Watch ‘Breaking Bad’ Writer Sam Catlin on Bringing Walter White to Life
Few shows have attained the combination of mainstream popularity and unanimous critical adoration that Breaking Bad enjoyed during its five-season run; Vince Gilligan’s often nervewracking account of mild-mannered chemistry teacher Walter White’s metamorphosis into a meth kingpin more than earned its way into our “Greatest TV Shows” list. And though he keeps busy these days as the showrunner for AMC’s Preacher, writer Sam Catlin still remembers the thrill — and occasional terror — of being at the epicenter of a phenomenon. In a new video interview exclusive to Rolling Stone, Catlin recalls his days in the dog-eat-dog writers’ room and sings the praises of Bryan Cranston, the man who famously turned Mr. Chips into Scarface.
“Breaking Bad, for the first three or four seasons, was just a show that was on the network with Mad Men that we were all really proud of and really liked,” Catlin says, “but we didn’t have a sense of a big audience or anything like that. My sense was from my own peer group that had finally gotten around to watching the show, and were like, ‘Holy crap.'”

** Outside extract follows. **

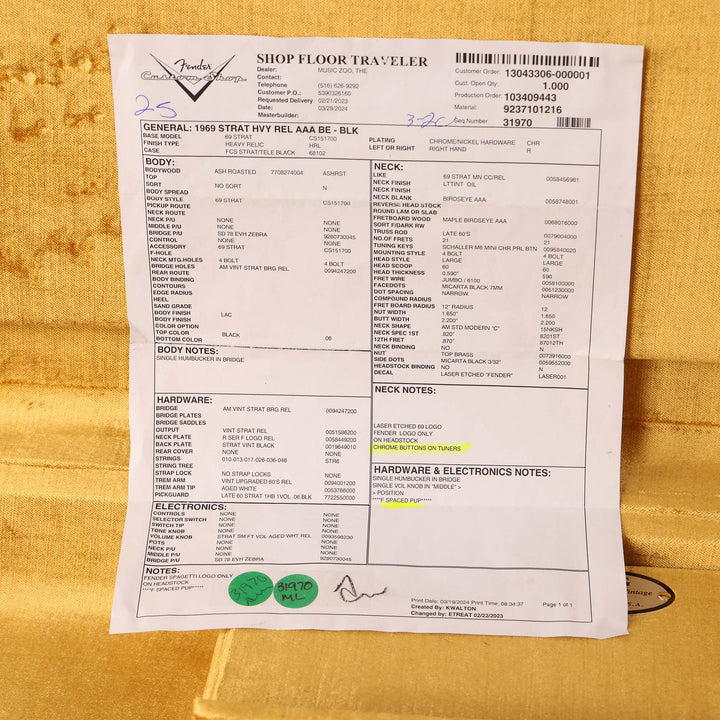 Fender Custom Shop 1969 Stratocaster Heavy Relic Black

Once Breaking Bad became the viewing public’s It Show, however, tensions started to rise. “There was a book that came out that said the happiest room in Hollywood was the Breaking Bad writers’ room, and it wasn’t,” Catlin recalls. “It had nothing to do with anything personal, I’m friends with all of those people and I’m friends with Vince Gilligan, but it was hard. It was really hard. Like, we were doing something important in a way that was exhausting.”

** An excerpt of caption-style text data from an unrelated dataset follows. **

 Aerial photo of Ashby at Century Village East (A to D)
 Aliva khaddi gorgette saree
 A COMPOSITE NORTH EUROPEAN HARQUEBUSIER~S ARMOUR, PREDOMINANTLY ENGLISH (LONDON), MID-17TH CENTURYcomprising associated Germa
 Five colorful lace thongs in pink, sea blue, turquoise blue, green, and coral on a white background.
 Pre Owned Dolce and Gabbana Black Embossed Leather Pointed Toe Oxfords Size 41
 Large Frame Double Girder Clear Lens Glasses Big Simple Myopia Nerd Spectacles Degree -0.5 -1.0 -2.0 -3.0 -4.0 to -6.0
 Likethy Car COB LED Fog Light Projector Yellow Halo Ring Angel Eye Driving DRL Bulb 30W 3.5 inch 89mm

The high-pressure environment in the writers room could be draining, but that’s just the toll Gilligan exacted for excellence. “One of the things I’m most proud of about Breaking Bad was that it was very consistent,” Catlin says, “and that’s all because of Vince. What made him so hard to work with sometimes, that’s what you got out of it.”
As much as Catlin credits Gilligan for Breaking Bad‘s continued success, he acknowledges that there was another man instrumental to creating a canon-worthy: “We wanted to impress Vince and we wanted to earn our role on the show, that was becoming increasingly special. And we were blessed to have Bryan Cranston. We would watch him read a phone book, and there were probably scenes where we did watch him read a phone book. He’s that compelling of an actor.”